Sembra un dettaglio insignificante… Ma, secondo la nostra esperienza, è proprio in quel punto che si decide se il riscaldatore durerà per anni o si guasterà già dopo pochi mesi.
La lotta contro il calore
Pensate a cosa succede quando si accende il riscaldatore: tutto diventa caldo. Poi, quando lo si spegne, tutto torna alla temperatura normale.
Il problema è che il metallo e il vetro non reagiscono allo stesso modo al calore: si espandono e si contraggono a velocità diverse. Questo crea una sorta di “lotta” continua tra questi materiali.

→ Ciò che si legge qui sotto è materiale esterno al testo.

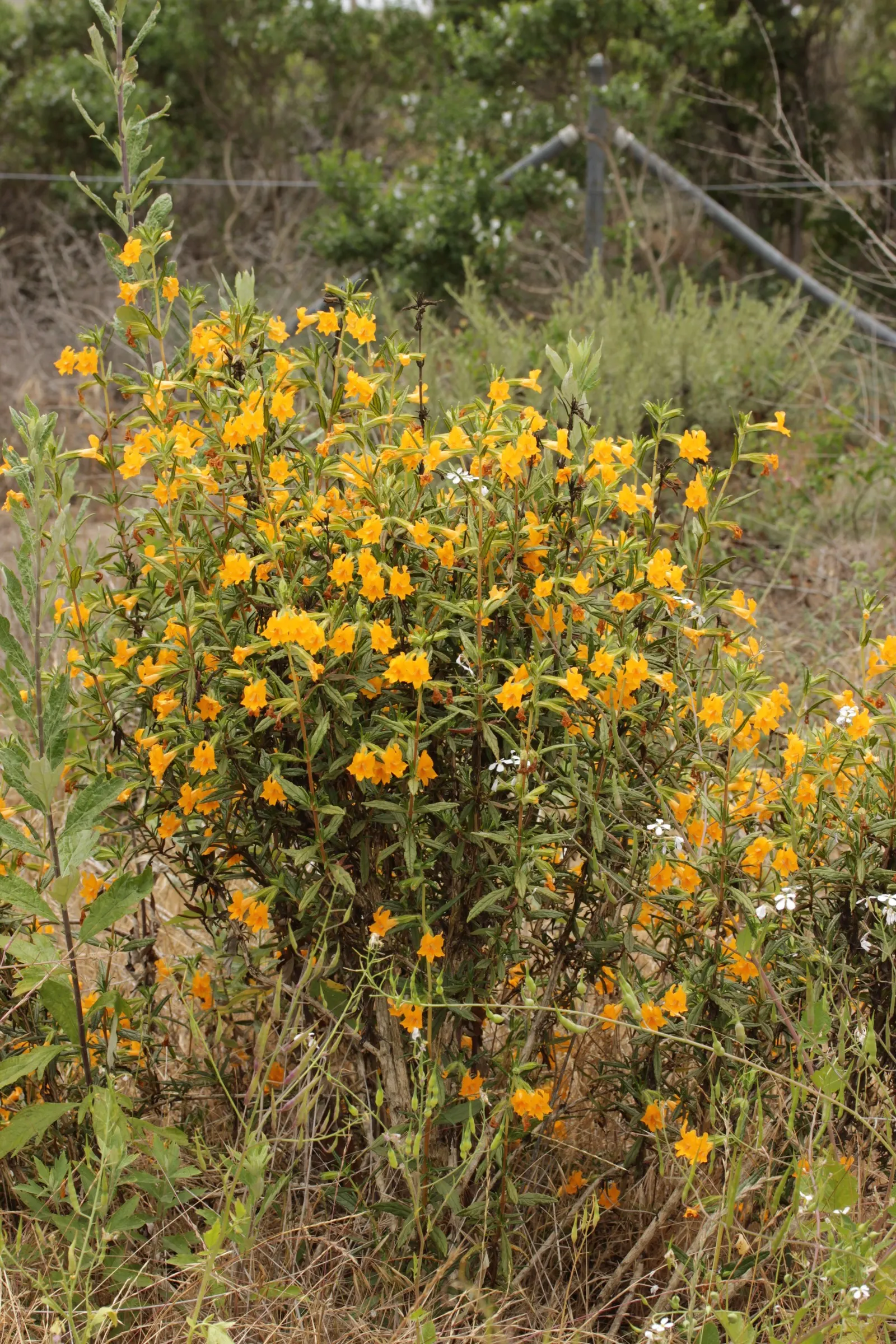 Orange Monkey Flower (Mimulus 'Orange') — mimicking its natural streamside habitat; exemplifying resilience in varying climates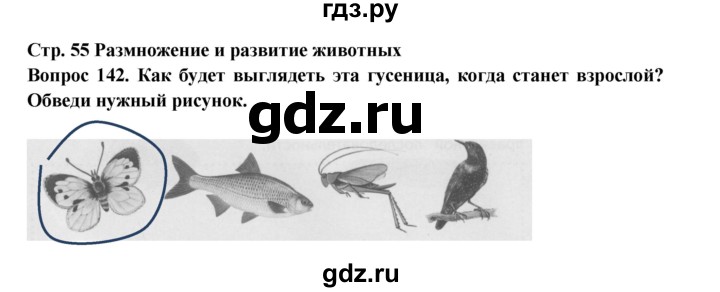 ГДЗ по окружающему миру 3 класс Потапов рабочая тетрадь  часть 1. задание - 142, Решебник 2018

I riscaldatori economici utilizzano colle di scarsa qualità, che non riescono a resistere a queste condizioni. Le colle si seccano, si crepano… e allora iniziano i problemi: umidità e ossigeno penetrano all’interno del dispositivo, i filamenti interni iniziano a arrugginire e l’isolamento smette di funzionare. Una volta che succede questo, si verifica un cortocircuito.
Come facciamo noi
Molte fabbriche limitano loro stesse a semplicemente utilizzare del materiale di riempimento per sigillare i connetti… ma noi procediamo in modo diverso. Utilizziamo siliconi ad alta temperatura e resine speciali che mantengono la loro flessibilità anche a temperature fino a 250°C. In questo modo, il sigillo si muove insieme al tubo stesso.

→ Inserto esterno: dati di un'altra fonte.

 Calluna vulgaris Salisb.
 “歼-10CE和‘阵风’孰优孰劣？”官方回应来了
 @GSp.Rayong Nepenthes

Inoltre, prima di sigillare i connetti, utilizziamo una procedura precisa di fissaggio meccanico dei contatti elettrici. In questo modo, anche se un filo viene tirato durante l’installazione, non può muoversi da nessuna parte.

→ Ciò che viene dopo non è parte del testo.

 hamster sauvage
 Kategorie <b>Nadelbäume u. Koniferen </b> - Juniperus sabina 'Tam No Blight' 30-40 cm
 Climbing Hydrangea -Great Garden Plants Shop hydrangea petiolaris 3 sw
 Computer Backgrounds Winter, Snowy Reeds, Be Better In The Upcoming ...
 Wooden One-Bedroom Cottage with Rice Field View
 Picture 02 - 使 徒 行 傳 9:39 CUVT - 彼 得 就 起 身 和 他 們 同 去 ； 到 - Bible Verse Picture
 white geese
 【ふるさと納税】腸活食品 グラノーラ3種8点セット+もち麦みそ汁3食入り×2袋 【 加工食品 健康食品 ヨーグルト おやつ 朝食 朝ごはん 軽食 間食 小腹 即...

Un avvertimento riguardo alla progettazione
C’è però un compromesso da considerare: un sigillamento migliore richiede l’uso di più materiale all’estremità del tubo. Per questo motivo, bisogna fare attenzione alla struttura esterna del riscaldatore. Se si inserisce un dispositivo ad alta potenza in uno spazio ridotto senza alcuna circolazione d’aria, quel sigillamento può agire come un dissipatore di calore, causando la fusione della carrozzeria plastica esterna.
Si tratta quindi di trovare un equilibrio. Per assicurarci che tutto funzioni correttamente, sottoponiamo i sigilli a una pressione pari a 1,5 volte la tensione nominale. È un modo per verificare se siano in grado di resistere alle difficoltà del mondo reale.